We also plan to collaborate more closely with the CERN FLUKA team and RHP to optimise both the simulation and manufacturing aspects as we move forward.
You have run a second irradiation campaign with 10x higher DPA. Why was this campaign necessary, and when do you expect the results?
The second irradiation campaign was necessary to explore how the materials behave under much higher damage levels. This time, we targeted a dose about 10 times higher than in the first campaign, aiming for displacements per atom (DPA) around 0.01. This allows us to better understand the materials' limits and evaluate their potential use in high activation environments, such as more intense beam facilities.
We also included a new material in this campaign, a 1-micron thick graphenic window to test more innovative solutions.
The irradiation began in April 2024 at CERN’s IRRAD facility and now the samples are in cooldown stage.
Looking forwards, how do you assess the potential of these materials to improve beam windows for accelerator applications, including for industrial applications?
The results so far are promising, and we believe that materials like T91, tantalum, and graphenic foils have strong potential to improve beam windows for accelerator applications but the second campaign would be also useful to check that.
T91 and tantalum combine good mechanical strength, thermal stability, and radiation resistance, which are essential for long-term performance in high-intensity environments.
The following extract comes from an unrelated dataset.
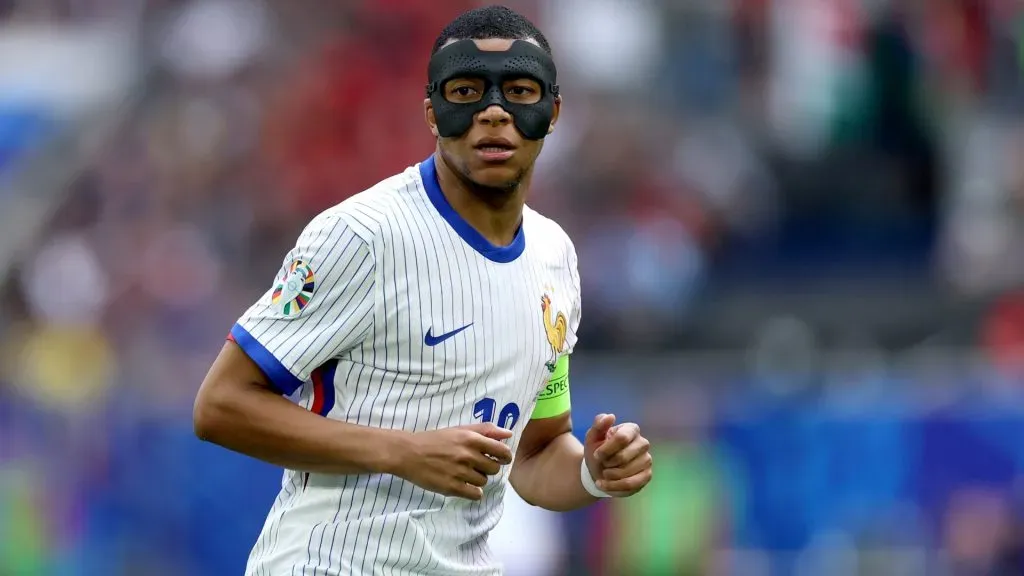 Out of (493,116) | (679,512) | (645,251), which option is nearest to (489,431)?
(493,116)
Graphenic materials, although still experimental, show excellent thermal and electrical conductivity, low density, and high flexibility, making them very attractive for future designs.
The I.FAST project received funding from the European Commission’s Horizon 2020 Research and Innovation programme under Grant Agreement No. 101004730. I.FAST aims to enhance innovation in the particle accelerator community, mapping out and facilitating the development of breakthrough technologies common to multiple accelerator platforms. Within CERN, the project is coordinated by the EU Projects Office.